59 year old woman with relapsing remitting multiple sclerosis (MS), not under Neurology follow-up was privately consulting a nutritionist based in Ireland and following the Coimbra protocol1 since December 2016. This included colecalciferol (1000-170000 IU/ day), vitamin B-complex and trace elements. Dose adjustments were advised during weekly skype consultations based on blood tests (via General Practitioner) and symptoms.
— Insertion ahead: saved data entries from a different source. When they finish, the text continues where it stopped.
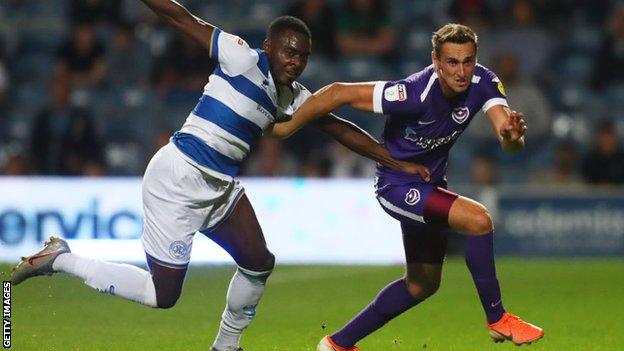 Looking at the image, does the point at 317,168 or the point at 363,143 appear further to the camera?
the point at 317,168

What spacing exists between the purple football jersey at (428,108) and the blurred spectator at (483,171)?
712cm

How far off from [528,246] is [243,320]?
24.5 feet

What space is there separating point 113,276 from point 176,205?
1.76 feet

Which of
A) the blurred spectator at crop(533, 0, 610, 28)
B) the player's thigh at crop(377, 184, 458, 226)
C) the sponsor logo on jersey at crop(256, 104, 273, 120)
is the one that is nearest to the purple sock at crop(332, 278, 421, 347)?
the player's thigh at crop(377, 184, 458, 226)

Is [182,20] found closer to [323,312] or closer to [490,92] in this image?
[490,92]

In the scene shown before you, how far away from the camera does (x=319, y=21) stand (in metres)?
15.3

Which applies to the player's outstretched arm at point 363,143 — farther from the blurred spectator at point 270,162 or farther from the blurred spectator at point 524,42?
the blurred spectator at point 524,42

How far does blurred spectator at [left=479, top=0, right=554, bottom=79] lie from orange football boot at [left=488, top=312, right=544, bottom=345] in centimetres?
873

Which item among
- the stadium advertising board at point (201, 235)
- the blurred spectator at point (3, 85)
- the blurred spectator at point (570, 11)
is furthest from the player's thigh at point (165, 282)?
the blurred spectator at point (570, 11)

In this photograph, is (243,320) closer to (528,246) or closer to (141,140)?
(528,246)

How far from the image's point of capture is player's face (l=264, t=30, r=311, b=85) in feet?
22.4

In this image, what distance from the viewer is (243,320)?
7203 millimetres

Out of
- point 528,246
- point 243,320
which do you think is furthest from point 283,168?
point 243,320

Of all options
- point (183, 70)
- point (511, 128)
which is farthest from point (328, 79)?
point (511, 128)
Fluid intake was 2litres/day (prescribed 3-4) for a week when hospital admission was advised for hypercalcaemia (corrected calcium level was 3.76 [2.20-2.60]) and acute kidney injury (AKI) stage1. She was getting thirstier and constipated. Serum 25-hydroxy vitamin D (25-OHD) was reportedly <15 nmol/L, and parathyroid hormone (PTH) was unsuppressed (4.7 pmol/L [1.6-7.5]). Vitamin D metabolites were requested and sample sent to another laboratory to confirm results by liquid chromatography-mass spectrometry (LC-MS). In view of undetectable 25-OHD computed tomography of chest, abdomen and pelvis was done (adrenal incidentaloma). Rehydration with intravenous normal saline, stopping supplements, led to corrected calcium settling to 2.68 and resolution of AKI.
We advised discontinuation of high dose vitamin D but she attributed significant improvement in her MS symptoms to it. After patients discharge, it emerged that there was a reporting error (information and technology issue) and the true 25-OHD level in-house was >374 by immunoassay, and 862 (99.6% vitamin D3) by LC-MS.
• Hypercalcaemia secondary to hypervitaminosis D is not widely recognised or reported.
• PTH may be normal in gradual colecalciferol toxicity, even in presence of hypercalcaemia, unlike in 1,25 dihydroxy Vitamin D toxicity e.g. alfacalcidol which happens rapidly
• Patients faith in their alternative treatment, details of which must be sought, may be undeterred despite severe adverse effects.
• Close liaison with chemical pathology colleagues can help solve an apparent clinical conundrum.